▸ EXERCISE DETAILS: Copy every line of the data exactly, keeping out any picture.

▸ INFORMATION SHOWN:
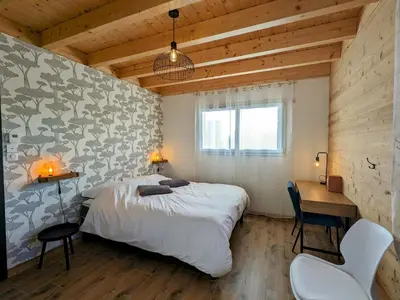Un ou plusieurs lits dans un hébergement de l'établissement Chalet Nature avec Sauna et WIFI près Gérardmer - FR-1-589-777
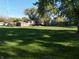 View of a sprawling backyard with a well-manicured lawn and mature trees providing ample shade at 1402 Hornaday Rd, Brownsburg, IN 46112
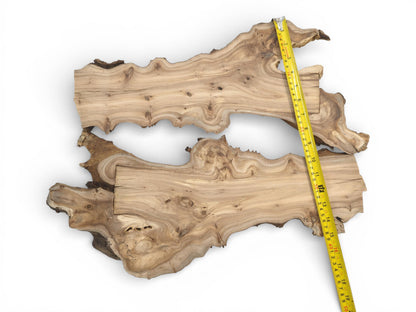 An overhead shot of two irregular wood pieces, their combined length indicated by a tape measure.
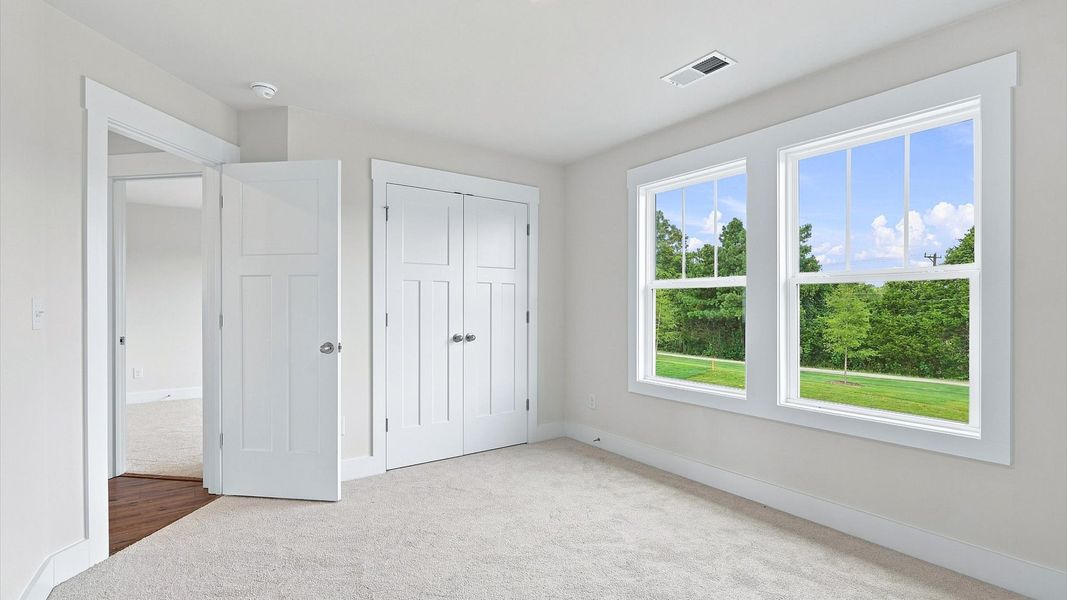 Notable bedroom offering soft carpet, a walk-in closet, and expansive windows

▸ EXERCISE RESULT:
Un ou plusieurs lits dans un hébergement de l'établissement Chalet Nature avec Sauna et WIFI près Gérardmer - FR-1-589-777
 View of a sprawling backyard with a well-manicured lawn and mature trees providing ample shade at 1402 Hornaday Rd, Brownsburg, IN 46112
 An overhead shot of two irregular wood pieces, their combined length indicated by a tape measure.
 Notable bedroom offering soft carpet, a walk-in closet, and expansive windows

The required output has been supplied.